Critique : Sans un bruit – Terreur aveugle

Affiche de Sans un Bruit de John Krasinski sur laquelle Emily Blunt se tient la bouche pour s'empêcher de faire du bruit. Elle est terrorisée et une larme coule sur son visage.

En 2020, Evelyn et Lee Abbott vivent réfugiés dans une demeure à la campagne avec leurs deux enfants. Chaque jour, la famille doit faire le moins de bruit de possible afin d’éviter les attaques de créatures aveugles mais dotées d’une ouïe particulièrement puissante.

John Krasinski réussit à placer les enjeux dramatiques de Sans un bruit très rapidement à travers une introduction mémorable. Cette première séquence nous fait immédiatement comprendre le mal qui effraie tant les personnages, même s’il est quasiment invisible, mais également les relations et les traumatismes qui régissent la famille.
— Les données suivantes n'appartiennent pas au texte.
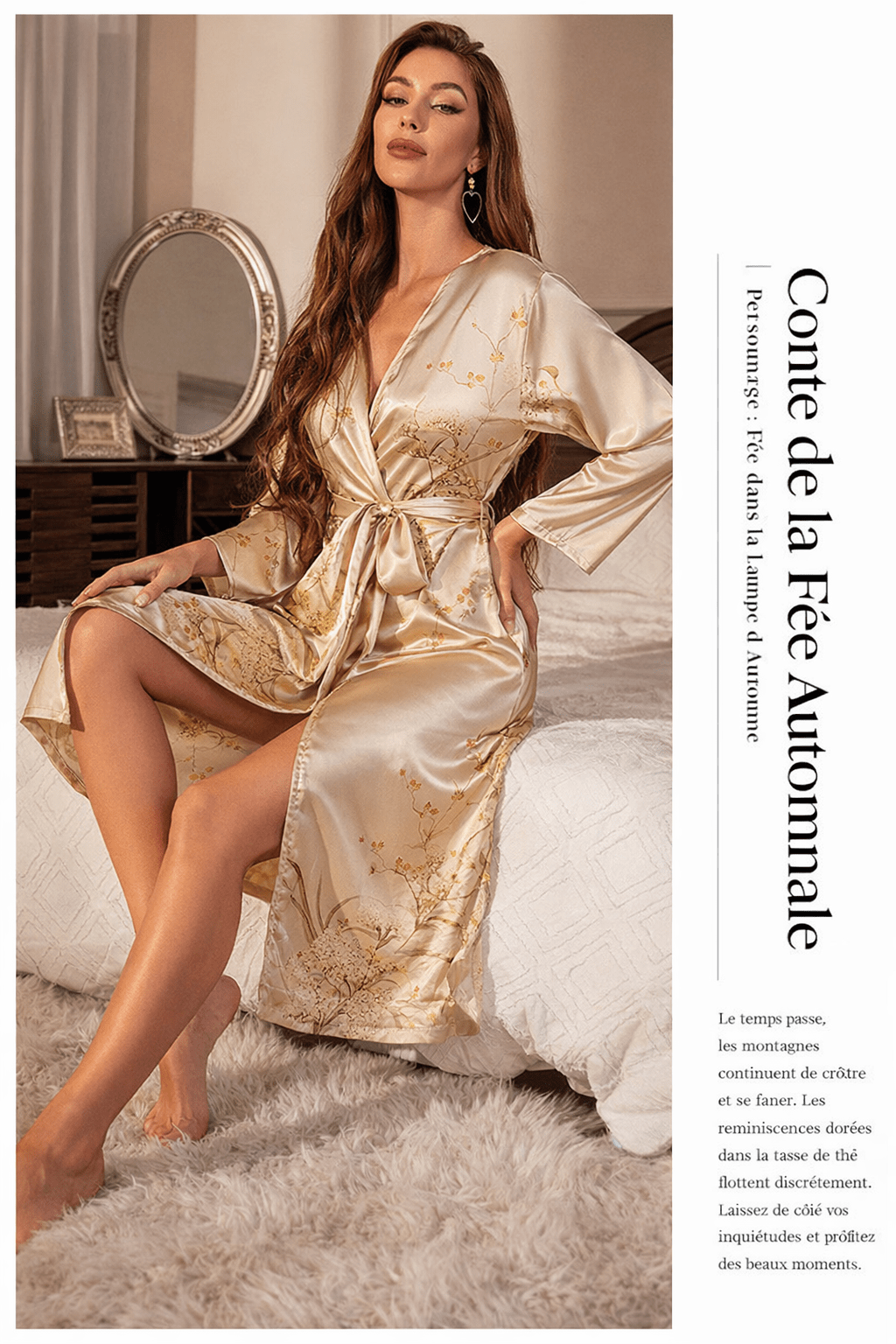 Robe cardigan simple maison en soie glacée - Oyso - ma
La puissance de ces derniers constitue le cœur du film, qui pose malicieusement la question de la communication au sein d’une cellule familiale alors que la survie est l’unique objectif et qu’il est impossible de parler. En reprenant des thématiques chères à Steven Spielberg et M. Night Shyamalan dans Sans un bruit, John Krasinski devrait logiquement souffrir de la comparaison avec certaines œuvres des deux maîtres du fantastique.

Photo tirée de Sans un Bruit de John Krasinski sur laquelle le personnage qu'il interprète retient son fils incarné par Noah Jupe de crier, dans la forêt.

Néanmoins, le comédien et cinéaste réussit à créer de l’émotion malgré le manque d’originalité de l’ensemble, notamment parce qu’il sait parfaitement utiliser la tension pour favoriser l’attachement aux protagonistes. En choisissant de limiter la majeure partie de son récit sur quelques jours, le réalisateur évite les temps morts et donne un rythme infernal à son film.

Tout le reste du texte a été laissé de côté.